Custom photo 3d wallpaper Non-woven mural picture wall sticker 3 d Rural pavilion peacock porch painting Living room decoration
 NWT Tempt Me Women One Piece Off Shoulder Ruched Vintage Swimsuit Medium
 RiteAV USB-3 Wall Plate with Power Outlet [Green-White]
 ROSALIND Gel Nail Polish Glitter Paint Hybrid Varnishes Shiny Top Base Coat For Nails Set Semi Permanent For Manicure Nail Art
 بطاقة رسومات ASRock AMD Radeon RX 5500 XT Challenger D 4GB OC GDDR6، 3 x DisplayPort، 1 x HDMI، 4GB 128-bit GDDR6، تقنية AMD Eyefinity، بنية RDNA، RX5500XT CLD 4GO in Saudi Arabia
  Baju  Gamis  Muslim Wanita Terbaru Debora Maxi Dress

++++

Task requirements
Produce an exact copy of all the records.

Result of this exercise
Custom photo 3d wallpaper Non-woven mural picture wall sticker 3 d Rural pavilion peacock porch painting Living room decoration
 NWT Tempt Me Women One Piece Off Shoulder Ruched Vintage Swimsuit Medium
 RiteAV USB-3 Wall Plate with Power Outlet [Green-White]
 ROSALIND Gel Nail Polish Glitter Paint Hybrid Varnishes Shiny Top Base Coat For Nails Set Semi Permanent For Manicure Nail Art
 بطاقة رسومات ASRock AMD Radeon RX 5500 XT Challenger D 4GB OC GDDR6، 3 x DisplayPort، 1 x HDMI، 4GB 128-bit GDDR6، تقنية AMD Eyefinity، بنية RDNA، RX5500XT CLD 4GO in Saudi Arabia
  Baju  Gamis  Muslim Wanita Terbaru Debora Maxi Dress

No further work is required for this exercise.